А в реальности это было восстание узников из рабочих команд, которые устроили нападение на газовые камеры, и восстание это не было успешным. Землеройка рассказала нам всем, что кто-то тайно доставил в Биркенау взрывчатку, ее заложили в газовые камеры и взорвали. Затем полосатые бросились на охранников. Надзиратели начали стрелять в полосатых. К вечеру все было кончено. Восстание подавлено, бунтари убиты, и вновь заработали, задымили все, кроме одной, трубы Биркенау, и с неба посыпался густой сизый пепел.
От волнения за Хенрика у меня все сжималось внутри. Неужели слова Розы о красивом трупе окажутся пророческими?
Но вскоре у меня отлегло от сердца. Я получила тайно пронесенную в моечный цех записку.
«Наше время скоро придет. Стирай белье и жди. Х.»

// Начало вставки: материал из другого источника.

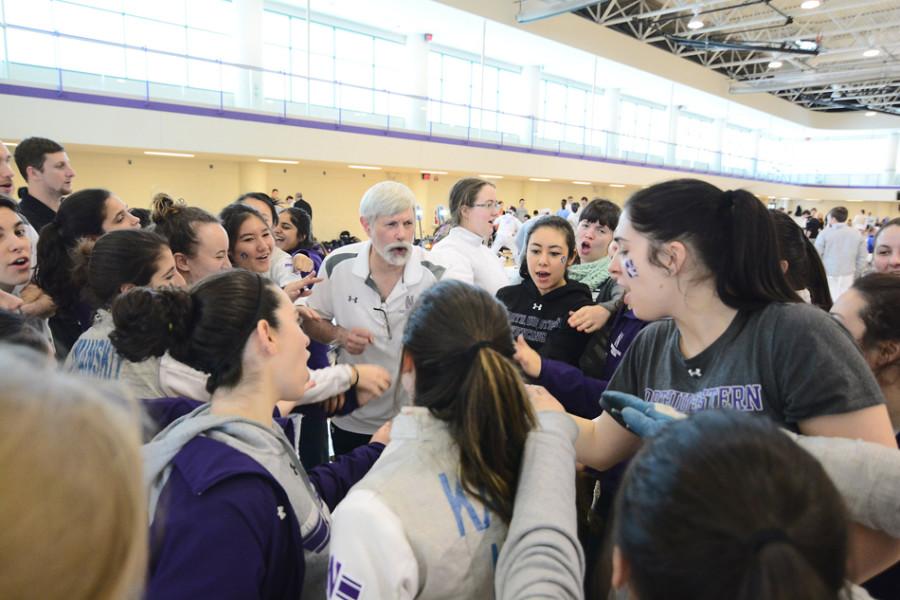 (Daily file photo by Sean Su) OUT OF REACH A Northwestern fencer, left, dodges a thrust from an opponent. The Wildcats had a strong performance this weekend but ultimately came up short against rival Ohio State.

Но вряд ли время, о котором говорил Хенрик, могло наступить так скоро, чтобы до него смогла дожить Роза. Я заметила, как она достает мокрое белье из своей лохани. Подхватила деревянными щипцами для белья одну рубашку, и… не смогла поднять ее. Роза выпустила рубашку, ухватила щипцами носок, но даже его не сумела поднять. Я бросилась к ней, но она уже лежала на полу. Рядом с ней мокрый носок.
— Эй, Роза… Роза, это я, Элла.
Я наклонилась над кроватью и поправила упавшие ей на лоб жиденькие прядки волос.
— Тсс, лежи тихо, не разговаривай, — пробормотала я.
— Элла, — прохрипела Роза, и это было все, на что у нее хватило сил. Она посмотрела по сторонам, и ее глаза расширились от ужаса.
— Я очень, очень сожалею, Роза, но мне пришлось поместить тебя сюда. Ты не помнишь? Ничего не помнишь? Ты несколько часов была без сознания, потом начала метаться в бреду и лихорадке. Два дня я прятала тебя у нас в бараке, но потом Балка стала бояться, что твоя болезнь может оказаться заразной. Я ничего не могла сделать. Да, ты в госпитале.
Роза ахнула и тут же закашлялась, затряслась всем телом. Я крепко обняла ее — прикрытый полосатым платьем скелет.
Это было ужасно, чувствовать себя совершенно беспомощной, но еще труднее было скрывать ужас, который вселял в меня саму госпиталь. Как здесь может кто-нибудь выжить, не говоря уж о том, чтобы вылечиться? Это была самая отвратительная пародия на медицинскую помощь, какую только можно было себе представить, даже обладая таким же буйным воображением, как у Розы.
Здесь вперемежку с еще живыми пациентами лежали трупы — не поймешь, то ли еще больница, то ли уже морг. Все они, и мертвые, и живые, были тесно, как тухлые селедки в бочке, втиснуты на расположенные в несколько этажей нары, сколоченные из гнилых досок. Ни туалета для ходячих, ни медицинских уток для лежачих больных здесь не было. Вдоль нар прохаживались медсестры — полосатые с белыми повязками на рукаве. Они проверяли, кто из пациентов еще дышит, а кого можно уже уносить отсюда, чтобы освободить место для нового больного. Вид у этих медсестер был такой, будто они не спали лет сто.